ABOUT THIS EXERCISE: Would you write out the lines below exactly, from the one containing "A dentist assessing" to the very last, but without the pictures?

EXERCISE INPUTS:
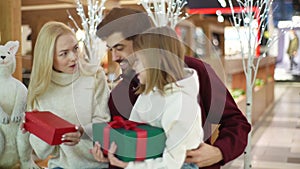 Cheerful young parents give gifts to daughter in shopping mall spending weekend together, standing on background of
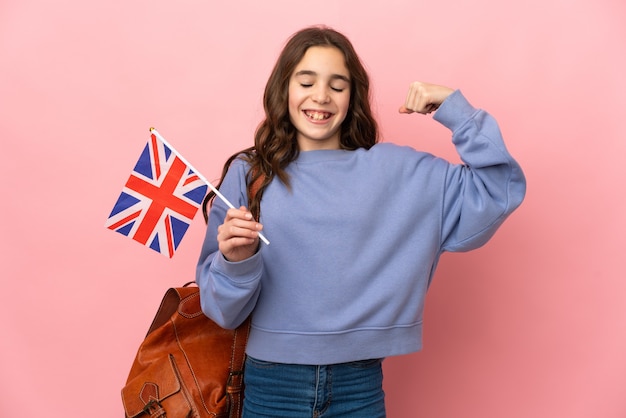 Kleines Mädchen, das eine britische Flagge lokalisiert auf rosa Hintergrund hält, der starke Geste tut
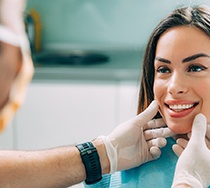 A dentist assessing a woman for cosmetic dentistry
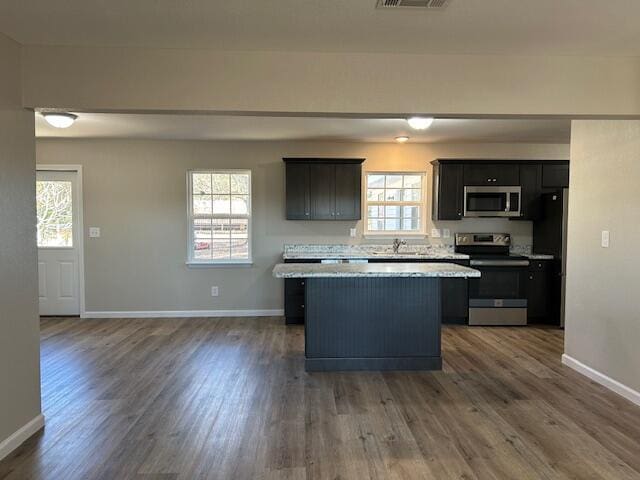 kitchen featuring stainless steel appliances, plenty of natural light, light countertops, and a center island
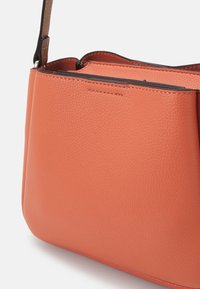 Borsa a tracolla in pelle arancione con texture, dalla forma strutturata, dotata di una tracolla removibile e di una delicata cucitura lungo i bordi.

RESPONSE AREA:
 A dentist assessing a woman for cosmetic dentistry
 kitchen featuring stainless steel appliances, plenty of natural light, light countertops, and a center island
 Borsa a tracolla in pelle arancione con texture, dalla forma strutturata, dotata di una tracolla removibile e di una delicata cucitura lungo i bordi.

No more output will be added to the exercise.